Exercise details:
The records that follow are to be transcribed in full, leaving out each picture.

Input data:
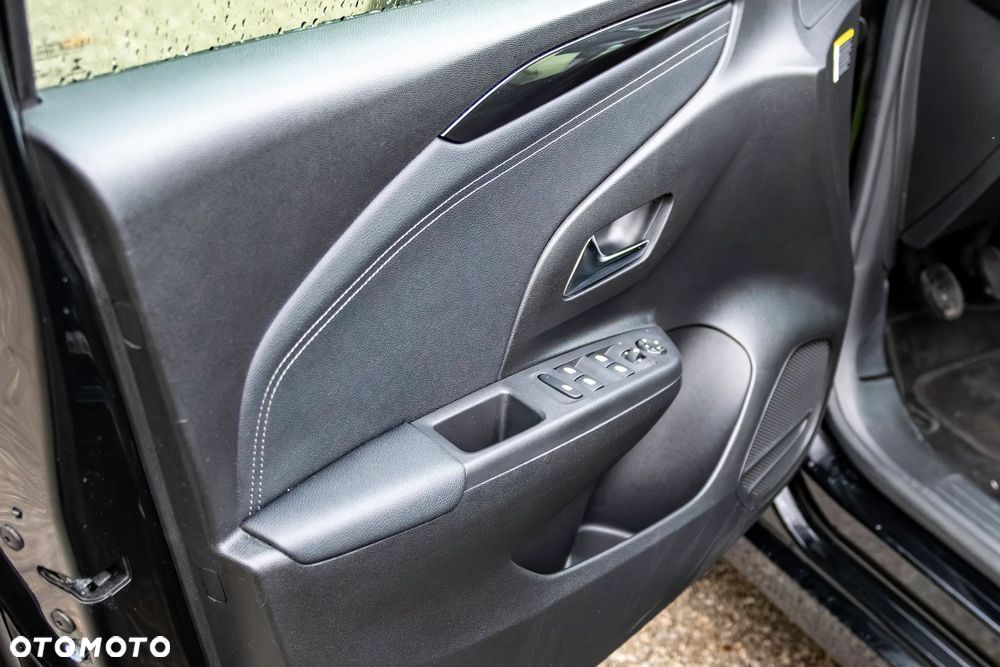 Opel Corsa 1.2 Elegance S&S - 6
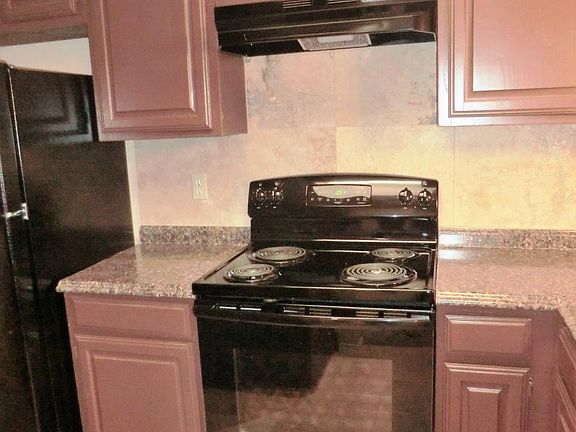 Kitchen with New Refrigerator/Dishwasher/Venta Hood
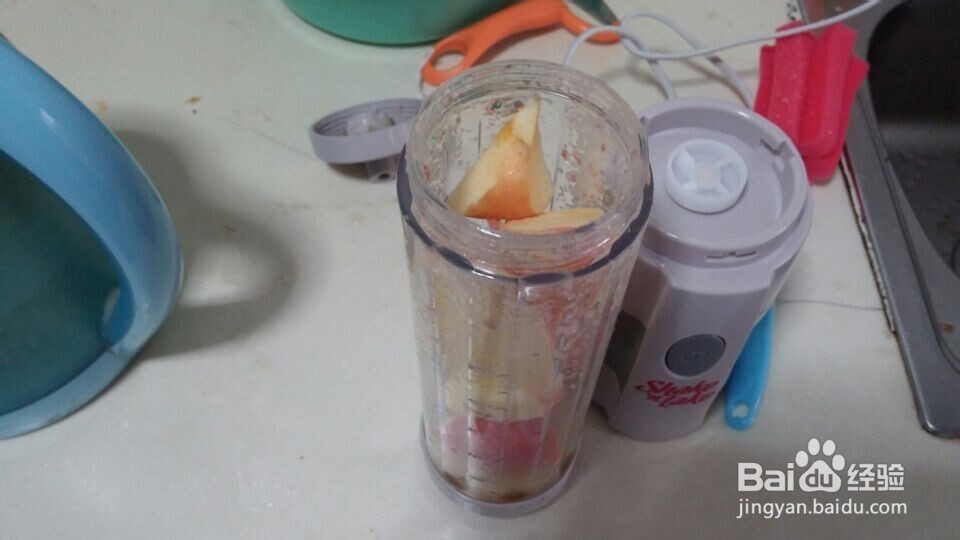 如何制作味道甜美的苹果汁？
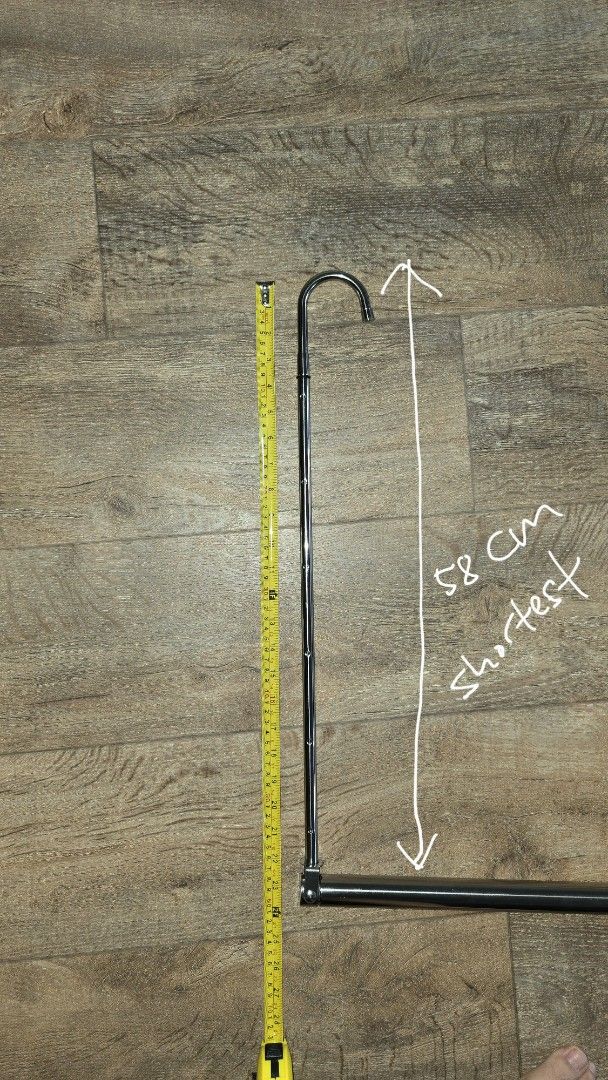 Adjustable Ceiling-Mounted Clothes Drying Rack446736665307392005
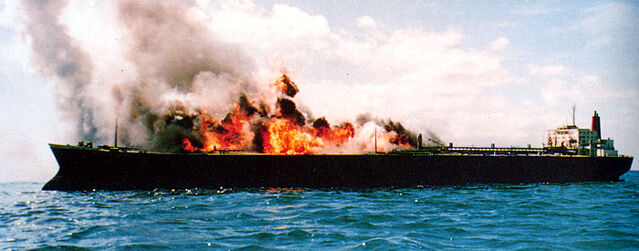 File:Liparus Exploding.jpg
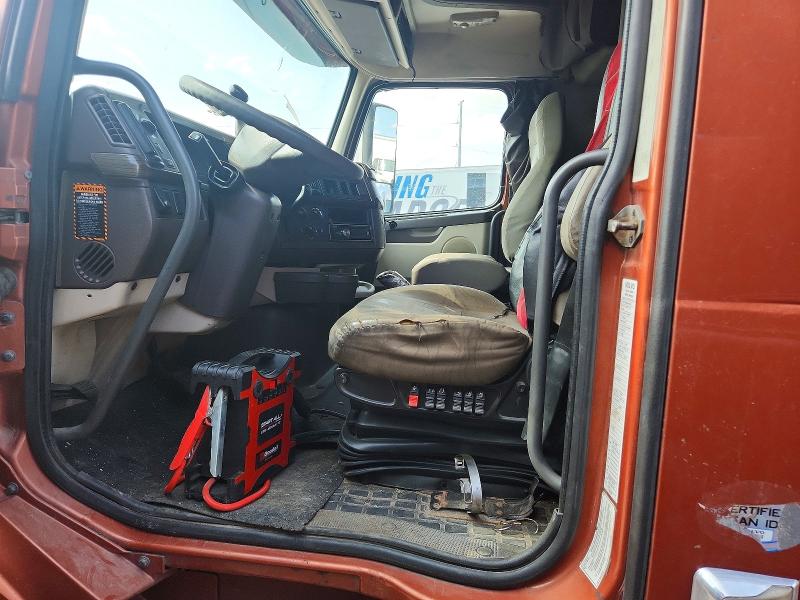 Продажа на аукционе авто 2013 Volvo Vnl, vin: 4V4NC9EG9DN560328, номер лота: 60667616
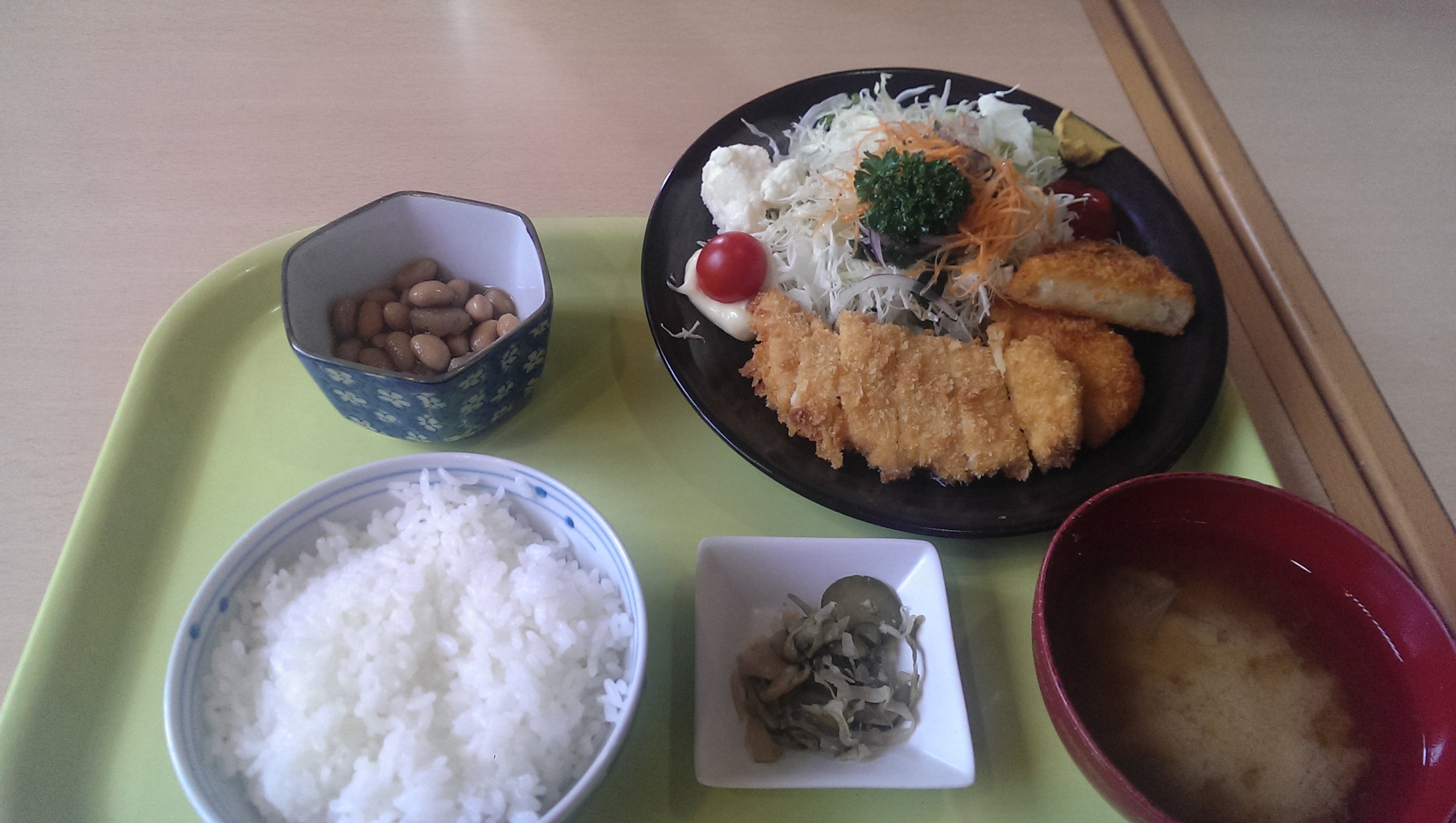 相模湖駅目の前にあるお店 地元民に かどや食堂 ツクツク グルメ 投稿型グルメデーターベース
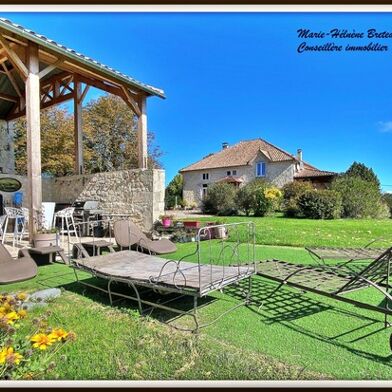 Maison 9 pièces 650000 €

Output:
 Opel Corsa 1.2 Elegance S&S - 6
 Kitchen with New Refrigerator/Dishwasher/Venta Hood
 如何制作味道甜美的苹果汁？
 Adjustable Ceiling-Mounted Clothes Drying Rack446736665307392005
 File:Liparus Exploding.jpg
 Продажа на аукционе авто 2013 Volvo Vnl, vin: 4V4NC9EG9DN560328, номер лота: 60667616
 相模湖駅目の前にあるお店 地元民に かどや食堂 ツクツク グルメ 投稿型グルメデーターベース
 Maison 9 pièces 650000 €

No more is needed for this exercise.